◆ WHAT IS REQUIRED
Leave every image out, and print the remaining lines below exactly.

◆ DATA SECTION
==*==
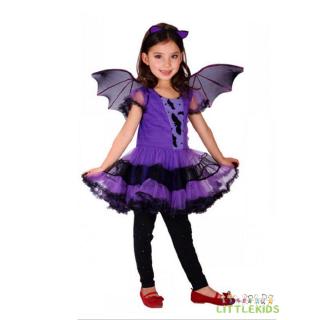 ♪Ty★Trang phục halloween, trang phục phù thủy in hình dơi cho trẻ mới biết đi với băng đô & cánh cho bé gái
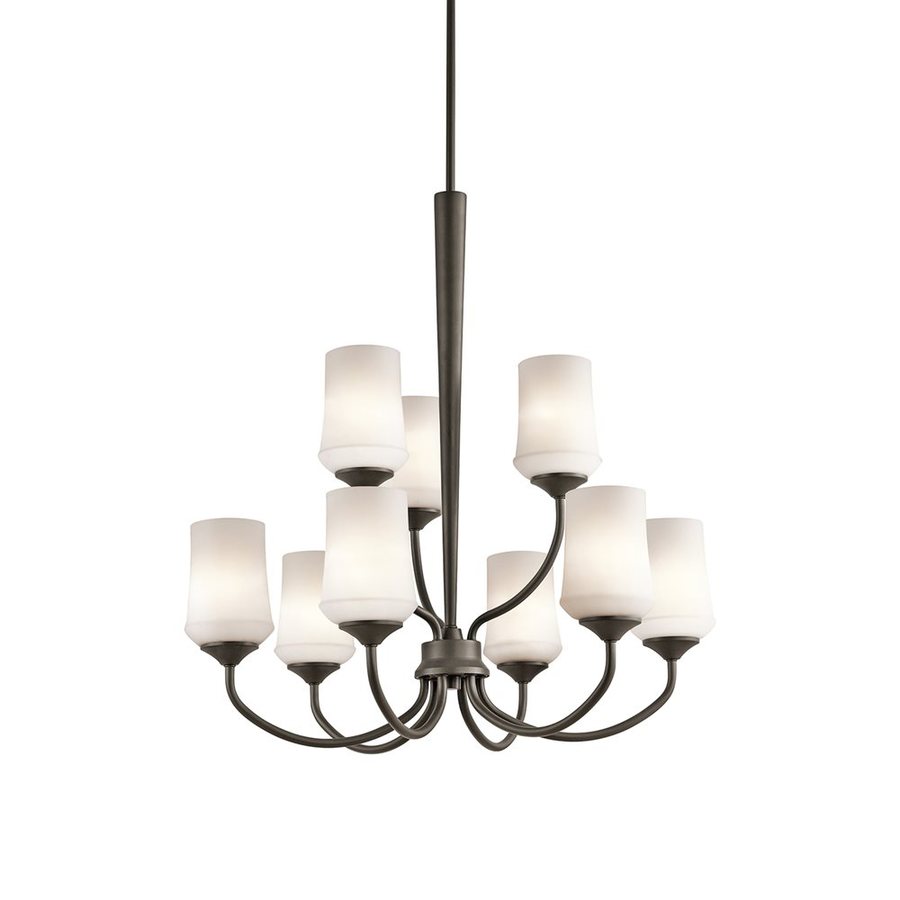 Kichler Aubrey 9Light Olde Bronze Transitional Etched Glass Tiered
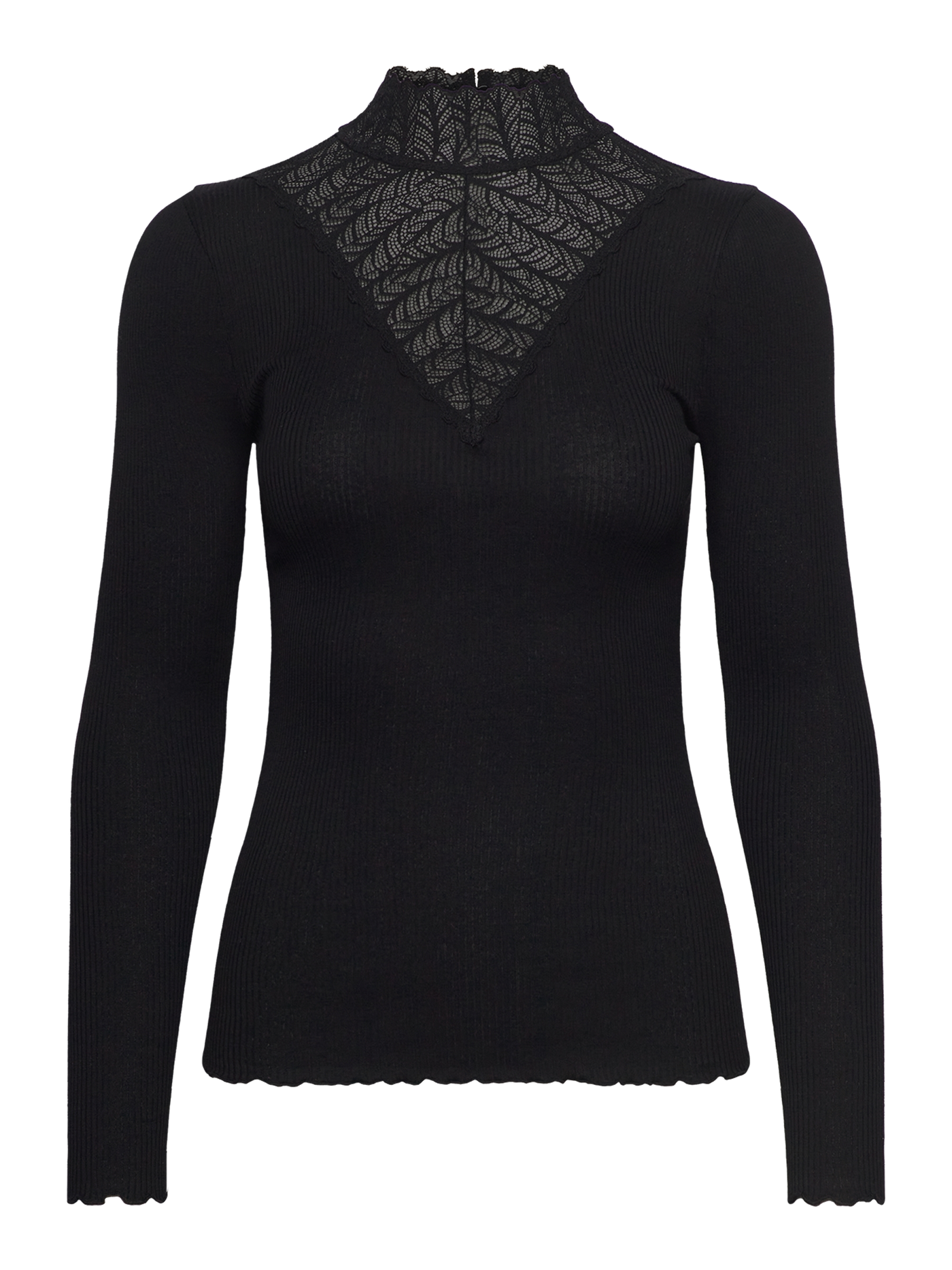 Beatha silk long sleeve tee with high lace neck black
==*==
◆ SOLUTION FOR THIS EXERCISE
 ♪Ty★Trang phục halloween, trang phục phù thủy in hình dơi cho trẻ mới biết đi với băng đô & cánh cho bé gái
 Kichler Aubrey 9Light Olde Bronze Transitional Etched Glass Tiered
 Beatha silk long sleeve tee with high lace neck black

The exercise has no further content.